If we are considering a system, like a paramagnet, above its critical temperature $T_c$ we can statistically describe it using a canonical ensemble: $$ \langle A \rangle = Tr\left[ \rho A \right]; \quad \rho = \frac{e^{-\beta H}}{Tr\; e^{-\beta H}}. $$ Let us further suppose that system obeys rotational $SO(3)$ symmetry. Now, the expectation value (and correlation functions in general) should also obey this symmetry. This can be easily seen if we denote arbitrary rotation operator by $U$: $$ [\rho, U] = 0 \implies \langle U A U^{\dagger}\rangle = Tr\left[ \rho U A U^{\dagger} \right] = Tr\left[ U^{\dagger} \rho U A \right] = Tr\left[ \rho A \right] = \langle A \rangle , $$ where we used the cyclic property of trace and the fact that density matrix commutes with rotation operator.

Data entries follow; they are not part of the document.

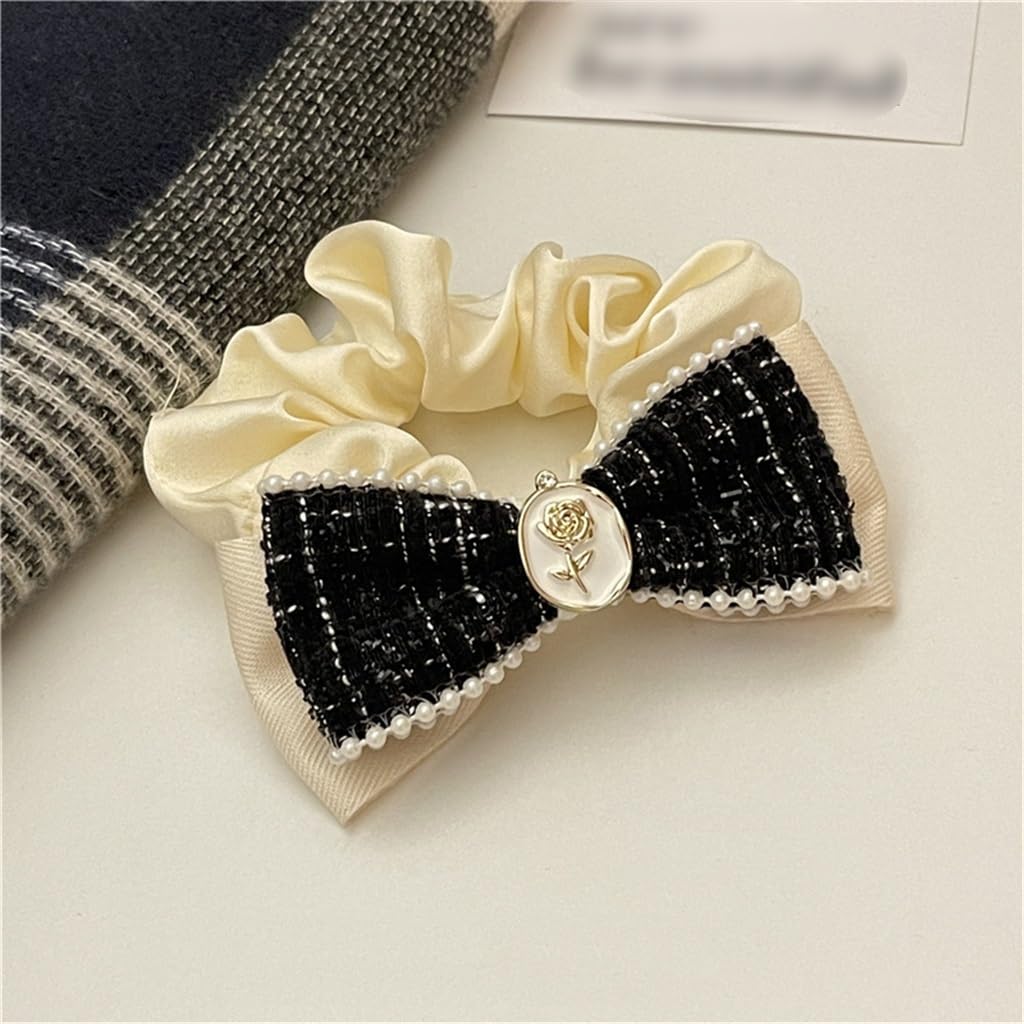 Corde de tête fleur en laine écossaise pour coiffure chic de bureau et sortie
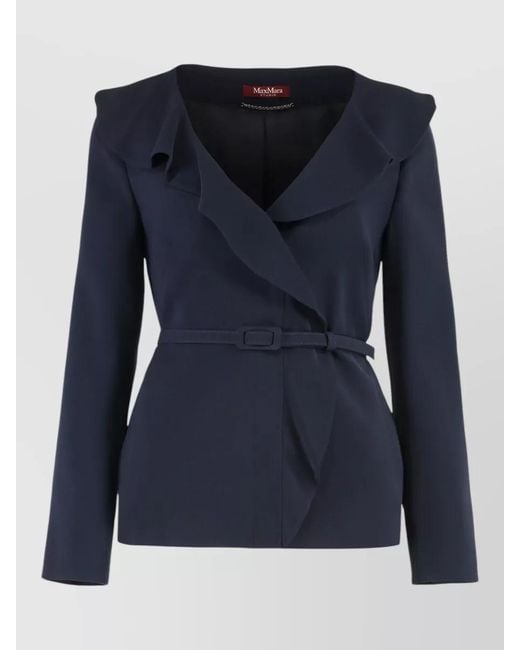Max Mara Blue Galizia Ruffled-Trim Belted Jacket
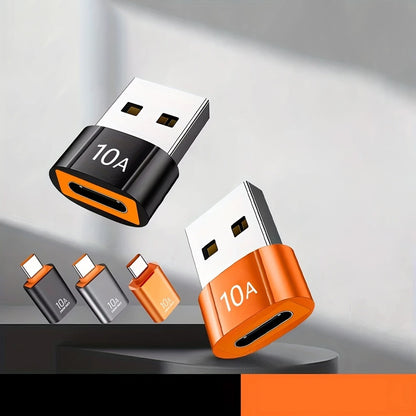 Adaptador de Dados e Carregamento USB-C - USB-A Techsuit A7 HyperPort, Preto Laranja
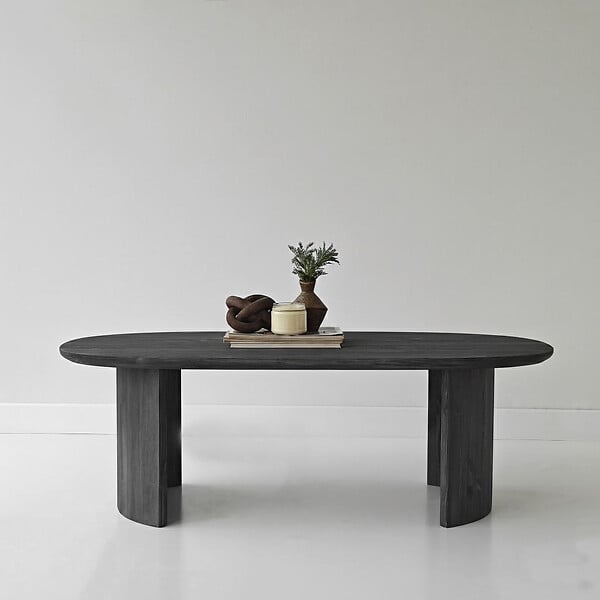 HABITAT ET JARDIN - Table basse en bois "Hudson" - 120 x 60 x 40 cm - Gris anthracite - large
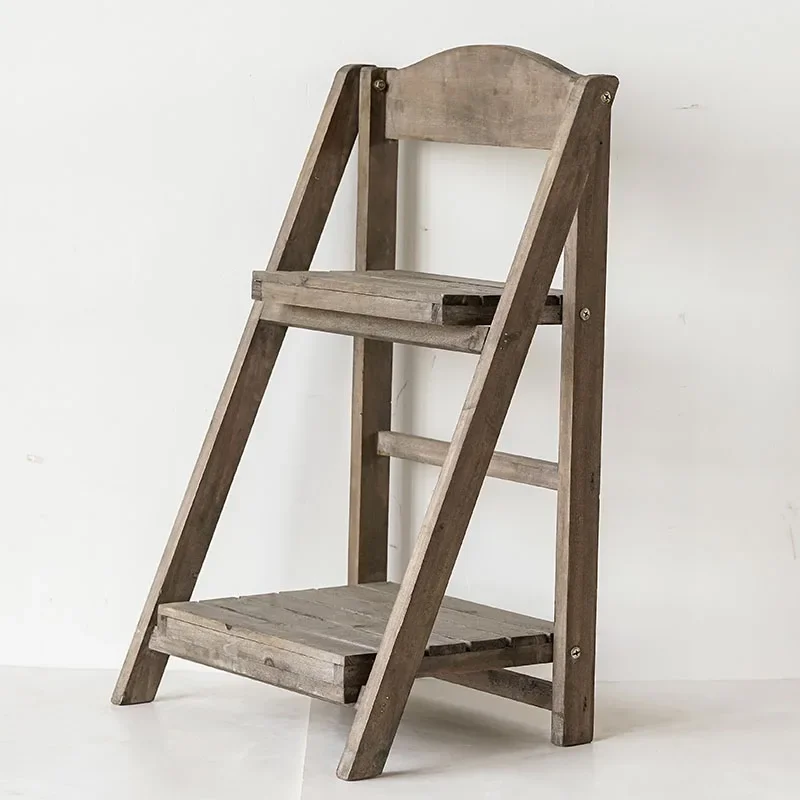 Vintage Do Old Storage Rack Double-Layers Trapezoidal Plant Stand Flower Display Shelf Freestanding Balcony Sundries Wooden Rack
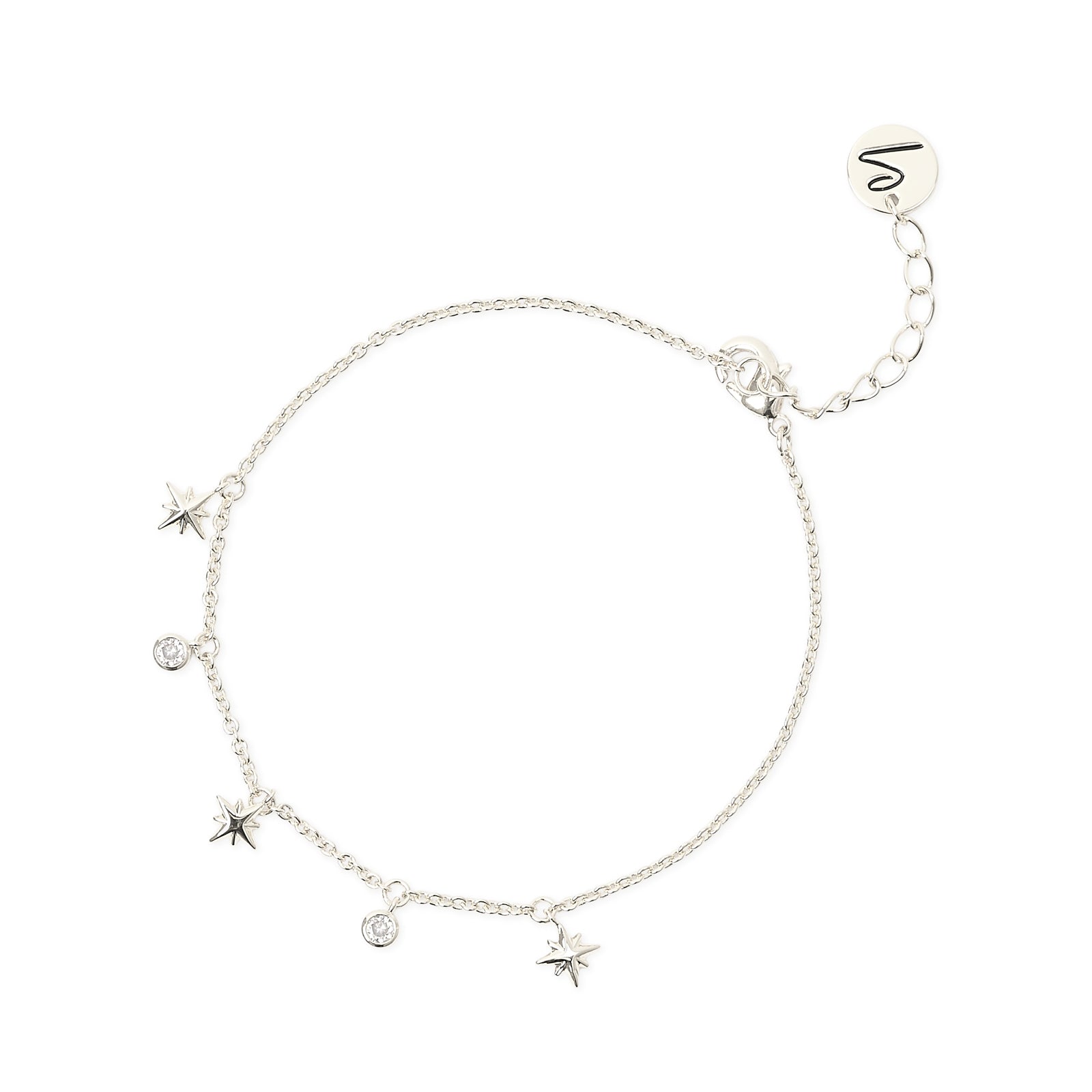 Bracciale con stelle e cristalli pendenti Starlet - Argento - Sodini Bijoux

However, if we lower the temperature below the critical temperature $T_c$, the system transitions in the ferromagnetic phase, and the $SO(3)$ symmetry is broken. Even though the Hamiltonian still possesses the $SO(3)$ symmetry, the procedure we conducted above cannot be repeated, since we know that it is not true for magnetization (for example) $$ \langle U M U^{\dagger}\rangle \neq \langle M\rangle. $$ This means that the density matrix in the ferromagnetic (ordered) state is not determined by $$ \rho = \frac{e^{-\beta H}}{Tr\; e^{-\beta H}} $$ How do we then do the statistical physics in the ordered (like ferromagnet) phase? What density matrix should we use? Does that mean that straightforward canonical ensemble does not apply?
From this, we can conclude that ergodicity does not hold anymore.